In 1505, he took part in Francisco d'Almeida's expedition and until 1511, served in Portuguese India, then 1511-12 in Malacca. After returning to Portugal in 1512, he served in Morocco 1513-14, where he was severely wounded. Because of unfavorable reports, he fell in disgrace of the King, who refused to fund further endevors by him. After some years of studies and otherwise inactivity, Magellan went to Spain in 1517, married the daughter of Diego Barbosa, warden of the castle of Seville, and in 1518, got support by Charles I of Spain (later Emperor Charles V) for a voyage westward to reach the Moluccas.
With five vessels and about 265 men, the expedition started on September 20, 1519, which should later become the first circumnavigation of Earth, when the only remaining vessel and only 18 men returned to Sanlúcar on September 6, 1522 where it had started almost 4 years earlier.
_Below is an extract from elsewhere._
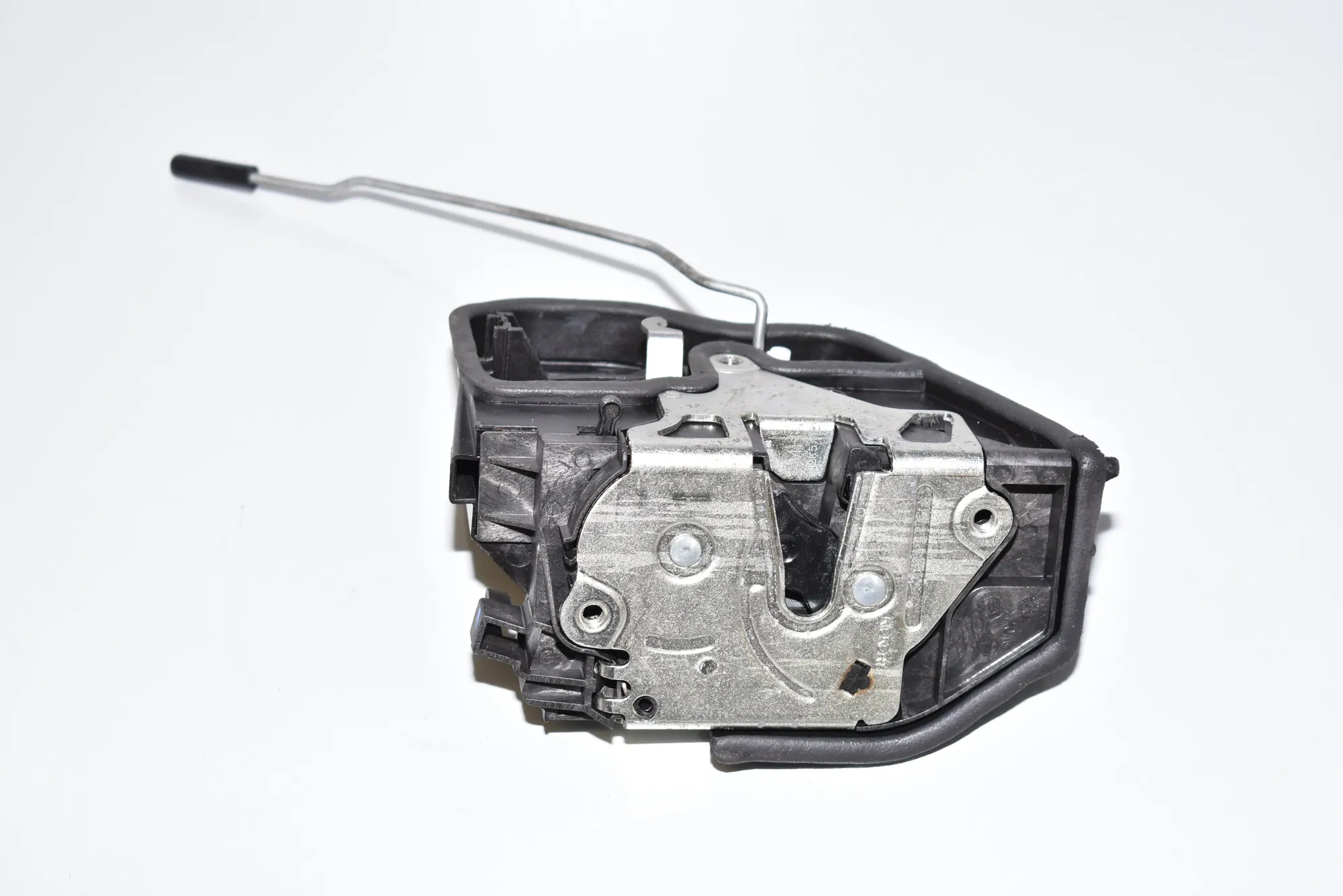 Rear Right Door Lock – OEM 7167070 · BMW 5 Touring (E61) BMW 5 Touring (E61) 530 d 2007 – 3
Fernando de Magellan had died on April 27, 1521 during his discovery voyage, on the Philippines Island of Mactan.
Honors include naming a Venus Orbiter spacecraft after him; the Magellan mission was performed from May 4, 1989 (launch) to October 11, 1994 (end up in Venus' atmosphere), and was highly successful in mapping Venus and obtaining a lot of informations on this planet. Also, asteroid (4055) Magellan was named to his honor; this one had been discovered on February 24, 1985 at Palomar Observatory by E.F. Helin and provisionally designated 1985 DO2; a later independent observation was 1988 OG.
Magellan was the first "modern" European to report of the Magellanic Clouds, the Large Magellanic Cloud (LMC) and the Small Magellanic Cloud (SMC), which are seen with the unaided eye if only the observer is located sufficiently south in geographic latitude.